Defendant contends that it is entitled to summary judgment on several different issues because Plaintiff cannot present evidence regarding his claims. Specifically, as to Count One (premises liability), Defendant contends that “[t]here is no evidence sufficient to create an issue of material fact as to the existence of a hazardous condition on Defendant's premises” and that “there is no evidence whatsoever that Defendant had actual knowledge” of the hazard. [Doc. 25-1, p. 10]. Defendant similarly states that the remaining counts (vicarious liability, negligent training and supervision, punitive damages and attorney's fees) “are totally unsupported by any evidence.” Id. at 13.

As already stated above, a court should grant summary judgment when there are no genuine issues of material fact. Fed.R.Civ.P. 56(a). The movant bears the initial burden of showing that it is entitled to summary judgment. “Of course, a party seeking summary judgment always bears the initial responsibility of informing the district court of the basis for its motion, and identifying those portions of [the record] which it believes demonstrate the absence of a genuine issue of material fact.” Celotex Corp. v. Catrett, 477 U.S. 317, 323 (1986). Importantly, “it is never enough simply to state that the non-moving party cannot meet its burden at trial.” Clark v. Coats & Clark, Inc., 929 F.2d 604, 608 (11th Cir. 1991).

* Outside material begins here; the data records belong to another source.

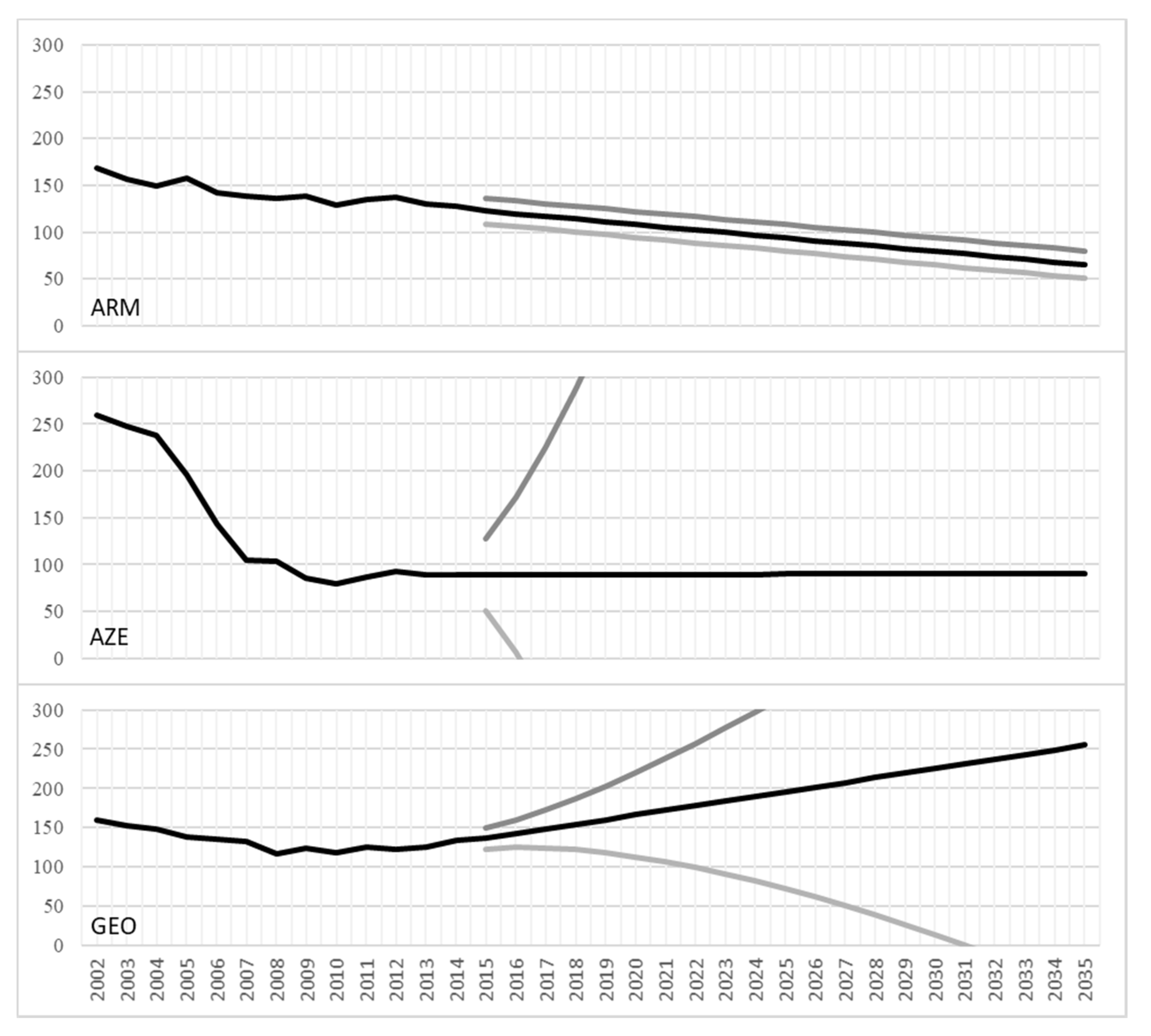 Sustainability 12 04558 g007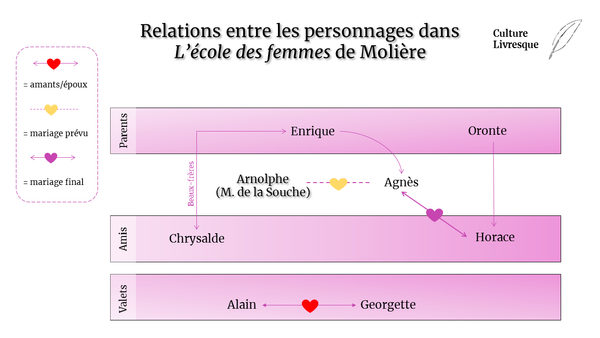 L’école des Femmes de Molière : le résumé des cinq actes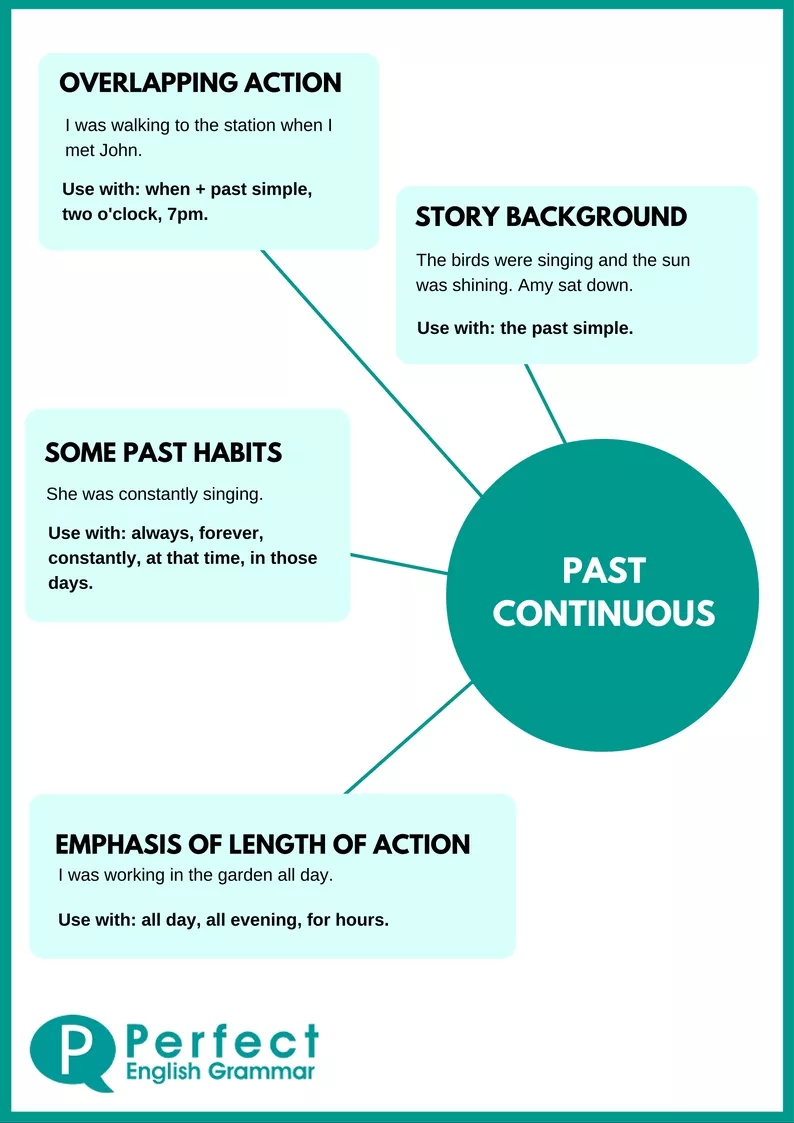 Past Continuous Infographic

Summary judgment is inappropriate here because Defendant has done nothing more than state that Plaintiff cannot met his burden at trial. Indeed, Defendant has not pointed to specific portions of the record in order to demonstrate that Plaintiff's evidence is lacking. See United States v. Four Parcels of Real Prop. in Green & Tuscaloosa Cntys., 941 F.2d 1428, 1438 n. 19 (11th Cir. 1991) (stating that “it is not enough to move for summary judgment without supporting the motion in any way or with a conclusory assertion that the plaintiff has no evidence to prove his case” and explaining that “the moving party must point to specific portions of the record in order to demonstrate that the nonmoving party cannot meet its burden of proof at trial”). Ultimately, the Court finds that Defendant failed to discharge its initial burden, and therefore, to the extent that Defendant seeks summary judgment on this basis, the motion is DENIED.

2. Inspection Procedure

Defendant argues that it is entitled to summary judgment as to Plaintiff's premises liability claim because the evidence shows that it instituted a reasonable inspection procedure and followed it on the day of the incident. In Georgia, an owner or occupier of land “owes persons invited to enter the premises a duty of ordinary care to have the premises in a reasonably safe condition and not to expose the invitees to unreasonable risk.” Tyree v. Westin Peachtree, Inc., 735 S.E.2d 127, 129 (Ga.Ct.App. 2012). Importantly, proof of the occurrence of an injury, without more, is insufficient to establish liability. Hayes v. SNS P'ship, LP, 756 S.E.2d 273, 275 (Ga.Ct.App. 2014). “In order to recover, the plaintiff must prove that the defendant had superior knowledge of a dangerous condition that was unknown to the plaintiff that caused the plaintiff's injuries.” Id.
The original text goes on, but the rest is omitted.